Als Michelle Waldispühl im Februar dieses Jahres einen Unfall verursachte, gab sie dies auf dem Schadensformular auch genauso an.
Schwammige Versicherungsbedingungen
Zu ihrem grossen Erstaunen will die Visana die Kosten des Unfalls allerdings nicht übernehmen. Die Begründung: Bei der Visana gilt 20 Mal Fahren innerhalb eines Jahres bereits als regelmässig. Dies entspreche auch der Rechtsprechung und Praxis, schreibt die Versicherung der Kundin.
Michelle Waldispühl wehrt sich, und auch ihr Vater schaltet sich ein. Es folgen Gespräche und Briefwechsel. Alles bringt nichts: Auch nach einer zweiten Beurteilung des Falles beharrt die Visana auf ihrem Standpunkt und will nicht bezahlen.

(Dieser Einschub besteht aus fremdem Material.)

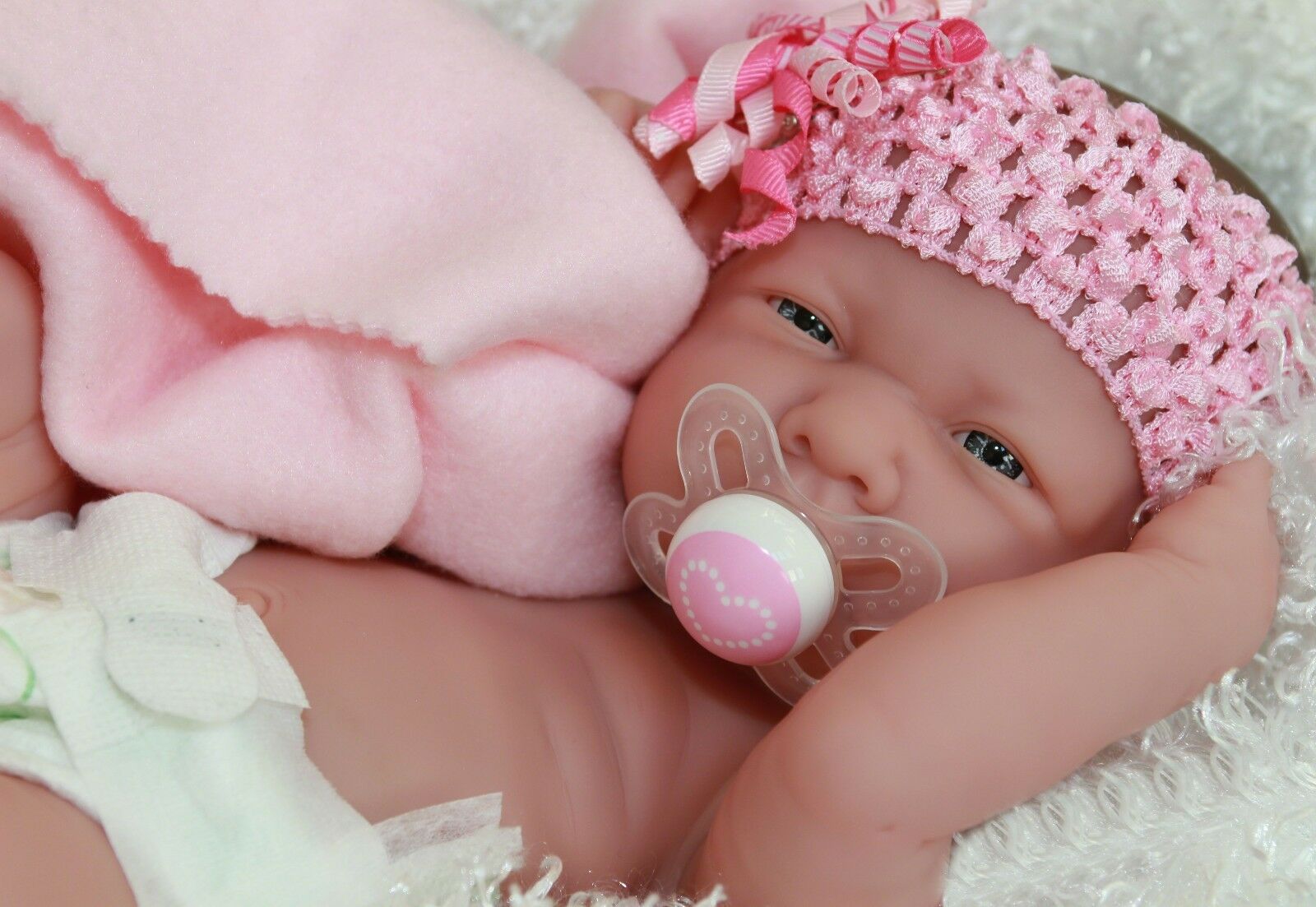 New~ Precious Preemie Berenguer La Newborn Doll + Extras - Over 2500+ Sold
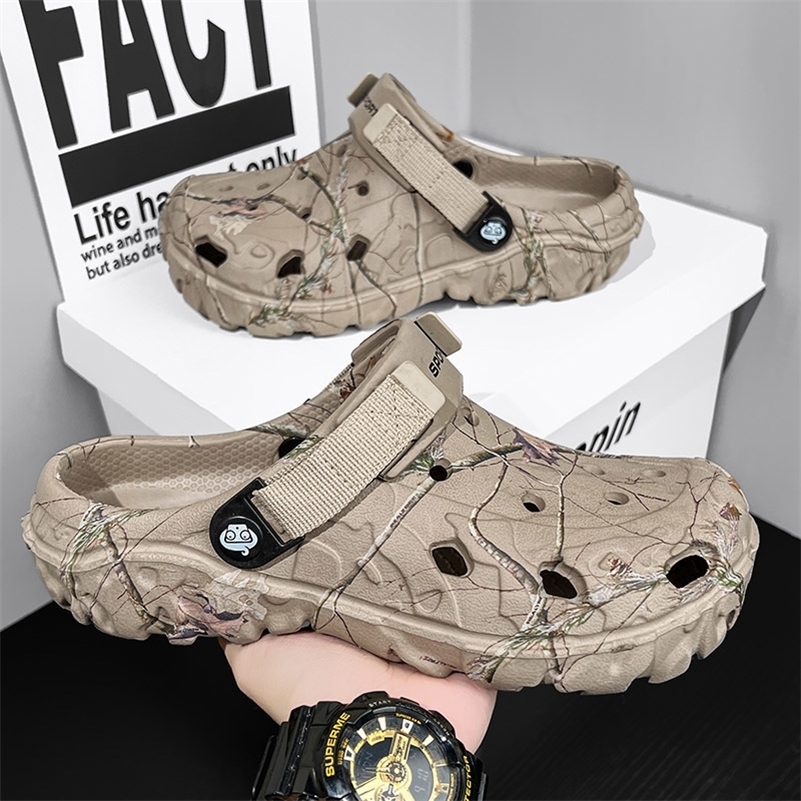 Flat Sandals Men Shoes Slippers Men Garden Platform Sandals Man Summer Sandals Male Sneakers Outdoor Flip Flops Home Clogs 260625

Experte kritisiert knausriges Verhalten der Versicherung
Gemäss Versicherungsexperte Ruedi Ursenbacher lehnt sich die Visana weit aus dem Fenster: «Wenn man die Rechtsprechung anschaut, sieht man, dass eine ein- bis zweimalige Nutzung pro Monat noch nicht als regelmässig gilt.»
Ausserdem sei es sehr kundenunfreundlich, dass bei der Visana in den Allgemeinen Versicherungsbedingungen (AVB) und den Zusatzbedingungen nicht klar definiert sei, was «regelmässig» bedeutet: «Der Kunde ist dann der Versicherung völlig ausgeliefert, ob sie die angegebene Zahl als gelegentlich auslegt oder nicht.»
Das Verhalten der Visana sei ausserdem nicht branchenüblich, so Ursenbacher weiter. Die meisten grossen Versicherer wie Axa, Mobiliar oder Zürich schreiben Zahlen in die AVB und definieren die Anzahl Tage klar.
Michelle Waldispühl hätte vor Gericht gute Chancen: Es existiert ein Bundesgerichtsurteil, das die Konsumentenrechte in diesem Punkt stärkt. Es besagt, dass die Versicherungen ihre unklaren Klauseln nicht einfach so zum Nachteil des Kunden auslegen dürfen.
Visana entschuldigt sich für veraltete Bedingungen
Erst als sich Michelle Waldispühl an «Espresso», wendet, lenkt die Versicherung ein. Visana zeigt sich bereit, den Schaden von 2000 Franken doch zu übernehmen. Der Grund für den Fehler: veraltete Geschäftsbestimmungen.
Der Leiter Unternehmenskommunikation der Visana, David Müller, erklärt: «Es gibt Produkte, die nicht mehr ganz zeitgemäss sind. Dies werden wir nun korrigieren. Diesbezüglich entschuldigen wir uns bei unserer Kundin.» Man sei derzeit daran, die Geschäftsbestimmungen zu überarbeiten.
In diesem Zug werde man ebenfalls mehr Klarheit für die Kunden schaffen, so David Müller. Er verspricht: «Es wird neu sicher eine Zahl drinstehen und damit auch definiert, was regelmässig ist und was nicht. Aber ob es 24 oder 22 ist, das kann ich noch nicht sagen.» Diese Korrektur werde so schnell wie möglich umgesetzt. Einen genauen Zeitpunkt konnte Müller allerdings nicht nennen.